REQUIRED WORK. For each line in the records that contains "Villa", make a copy.

[Extracted records]
--------

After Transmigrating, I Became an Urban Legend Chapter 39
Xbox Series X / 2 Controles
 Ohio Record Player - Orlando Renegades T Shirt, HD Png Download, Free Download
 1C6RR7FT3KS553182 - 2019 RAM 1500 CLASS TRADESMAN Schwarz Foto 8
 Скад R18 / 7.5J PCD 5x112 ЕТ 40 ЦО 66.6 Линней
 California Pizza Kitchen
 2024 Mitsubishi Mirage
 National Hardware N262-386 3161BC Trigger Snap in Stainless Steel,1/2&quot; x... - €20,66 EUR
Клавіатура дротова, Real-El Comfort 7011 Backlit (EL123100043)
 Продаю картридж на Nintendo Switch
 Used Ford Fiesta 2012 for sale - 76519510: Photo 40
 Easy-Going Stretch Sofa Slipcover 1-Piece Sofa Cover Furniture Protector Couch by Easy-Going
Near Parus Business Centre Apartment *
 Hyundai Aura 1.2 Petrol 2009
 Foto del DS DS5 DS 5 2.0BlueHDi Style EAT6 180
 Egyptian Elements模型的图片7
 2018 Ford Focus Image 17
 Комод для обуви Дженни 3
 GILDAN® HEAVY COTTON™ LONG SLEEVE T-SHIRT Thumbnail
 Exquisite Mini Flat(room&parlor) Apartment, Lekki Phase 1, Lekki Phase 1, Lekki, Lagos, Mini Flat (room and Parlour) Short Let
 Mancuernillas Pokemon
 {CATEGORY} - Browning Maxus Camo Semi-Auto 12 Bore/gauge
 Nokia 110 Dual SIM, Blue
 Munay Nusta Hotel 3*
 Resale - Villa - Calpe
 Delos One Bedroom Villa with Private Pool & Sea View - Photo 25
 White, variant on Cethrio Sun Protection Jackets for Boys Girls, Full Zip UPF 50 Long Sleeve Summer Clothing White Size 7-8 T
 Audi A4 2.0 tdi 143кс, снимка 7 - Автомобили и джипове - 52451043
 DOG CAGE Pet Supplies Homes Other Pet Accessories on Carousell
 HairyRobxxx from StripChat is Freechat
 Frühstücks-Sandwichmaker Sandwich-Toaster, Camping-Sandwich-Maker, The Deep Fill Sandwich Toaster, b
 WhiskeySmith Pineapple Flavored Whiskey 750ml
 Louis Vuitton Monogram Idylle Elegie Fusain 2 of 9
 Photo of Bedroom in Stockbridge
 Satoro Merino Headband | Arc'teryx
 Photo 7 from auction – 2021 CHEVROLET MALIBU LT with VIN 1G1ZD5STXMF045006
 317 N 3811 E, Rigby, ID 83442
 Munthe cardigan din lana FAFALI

--------

RESULT OF THE EXERCISE.
 Resale - Villa - Calpe
 Delos One Bedroom Villa with Private Pool & Sea View - Photo 25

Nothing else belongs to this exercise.